今週のお題「苦手だったもの」
久しぶりにお題に乗ります。
『苦手だったもの』と言ってまず最初に浮かんだのが、『乗り物』。
私、乗り物酔いする子供だったのです。
特にバス。私が子供だった半世紀前(自分の年齢にびっくり)のバスって、ガソリンのようなにおいが充満していて、本当に苦手でした。
当時住んでいたところが、繁華街のある駅まで、バスで20分。歩いても30分。
駅近くは慢性的に渋滞していたので、距離はそんなに無くても時間はかかるんです。
なので、バスに乗りたくないので、駅まで30分も苦にならず歩いたほどです。
乗り物酔いする子供にとって、最大の試練が学校行事の社会科見学でした。
都内の小学生でしたが、高学年になると、貸し切りバスでの都内見学で、国会議事堂とか、東京タワーとかだったような‥。
記憶が曖昧なのは、乗り物酔いとの戦いでいっぱいいっぱいで、目的地に着いた時はふらふらだったから。
添乗してくれている保健室の先生と一緒に、バスを降りて近くのベンチでぐったりしていた記憶しかないのです。
また、当時は乗り物酔いする子供はバス前方の席が指定席で、クラスに同じような境遇のお友達が何人かいました。
乗り物酔いしない子供達からはゲロゲロチームと言われていたことに気が付いていましたが、
ゲロゲロチームにも矜持があるんです。
『自分がファーストリバースにならないぞ』‥という矜持。
もう誰かがリバースしてしまうと、大抵ゲロゲロチームは全滅ですから。
お互いにそんなことをカミングアウトしたことはないのですが、言わなくても分かります(笑)。
幸いなことに、リバースせずに毎回学校に帰還できました。
バスを降りた時の解放感だけは今でも思い出せるほどです。
勿論、お弁当も300円以内というお約束のお菓子も一切手をつけていないので、ダッシュで帰宅して、やっと安心して食べて、親を呆れさせていました。
バスが1番の苦手の天敵状態でしたが、実は電車も好きではありませんでした。
それでも、新幹線だけはなんとなく大丈夫な気がしていたのですが‥。
今でも懺悔したくなる思い出があります。(ホントにごめんなさい。
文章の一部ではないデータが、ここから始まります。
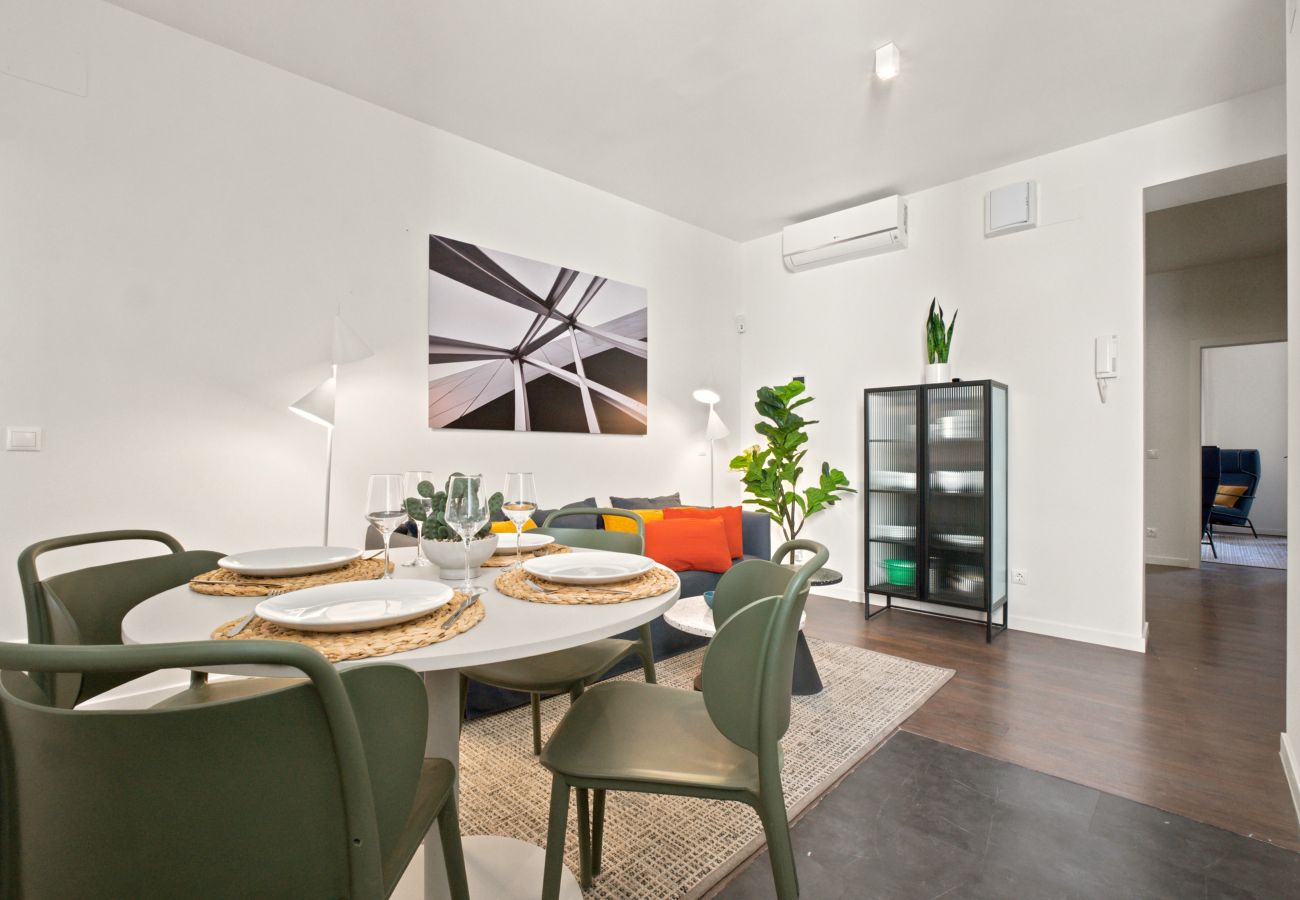 Apartamento en Madrid - Apartamento Basilica VIII en Madrid 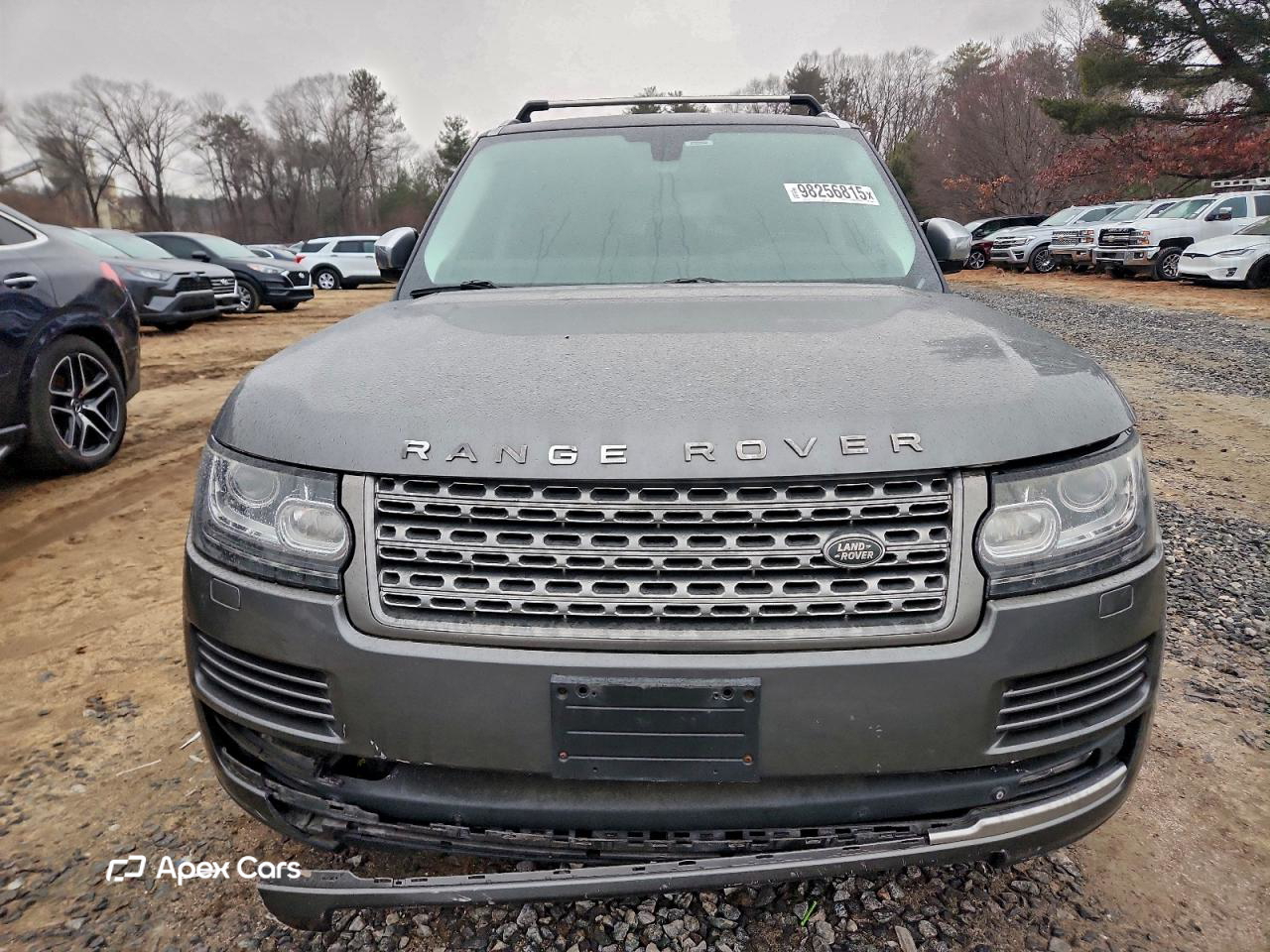Land Rover Range Rover 2014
)
中学3年生の修学旅行でのことです。
その頃には、バス以外なら人より少し弱い程度に乗り物酔いを克服しつつあったのですが‥。
新幹線も進行方向に向いて座れば京都までなら大丈夫と、一生懸命自分に暗示をかけて乗っていました。
でも、その日の新幹線の運転手さんの運転技術がイマイチだったのか、ブレーキをかけながら走行するというか、時折後ろに引っ張られるような感覚を頻繁に感じる運転だったのです。
コレ、乗り物酔いする人しかわかって貰えない感覚のようなんですが‥。
もっと身近な例えでは、車の運転が下手な人のブレーキの踏み方‥カックン‥となる減速‥という感じが近いんじゃないかなあ‥。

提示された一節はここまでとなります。